Öncelikli olarak kadına şiddet, tecavüz ve cinayet gibi insanlık dışı hadiselerin sosyal ve psikolojik temelleri tespit edilmelidir. Türk kültürünün dejenere olmuş hâlinin bir yansıması olarak kadını eve kapatan, eğitimini ve gelişmesini engelleyen zihniyet ile, kadını bir nesne, eğlence ve moda sektörünün üretim girdisi olarak gören sözde çağdaş (!) zihniyet ile aynı kararlılıkta mücadele edilmelidir. Karısına şiddet uygulayan, onu yaralayan bir erkeğe gösterilen elitist tepki, insanların ailece ekran başında olduğu prime time kuşağında yayınlanan bir dizideki 6 dakikalık tecavüz sahnesine karşı da gösterilmelidir. Bu yoğun kültürel saldırı karşısında gençlik kimlik değiştirmekte, yozlaşmaktadır. Tecavüzün normalleştiği ve alışıldığı, cinselliğin alenileştiği, genç ve çocukların her türlü cinsel ve şiddet eğilimli etkiye açık olduğu bir sosyal yapıya, siyaset ve güvenlik bürokrasisinin de başarısızlığı eklenince sokaklar hiçbir evladımız için güvenli olamayacaktır. Başka Özgecanlar katledilmesin, başka ana-babalar böyle bir evlat acısı yaşamasın diye gereken tüm tedbirler alınmalıdır.
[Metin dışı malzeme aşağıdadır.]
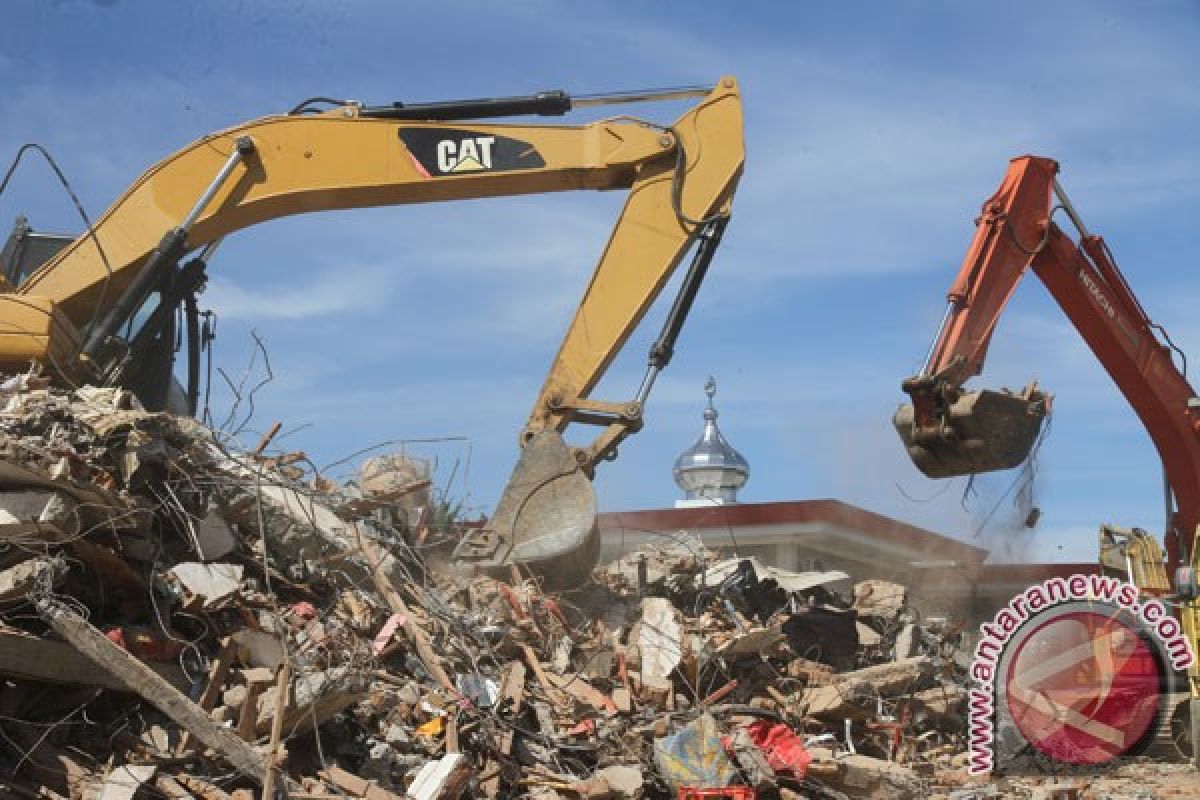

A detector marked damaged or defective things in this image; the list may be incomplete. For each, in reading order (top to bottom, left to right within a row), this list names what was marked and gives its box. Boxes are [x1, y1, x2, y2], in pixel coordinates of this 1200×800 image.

Özgecan Aslan kardeşimize Cenabı Allah’tan rahmet, başta ailesi ve sevenleri olmak üzere Aziz Milletimize başsağlığı diliyorum. Suçluların bir an önce adalet önünde hesap vererek, vicdanlardaki insanlık isyanının da sükût bulacağını ümit ediyorum.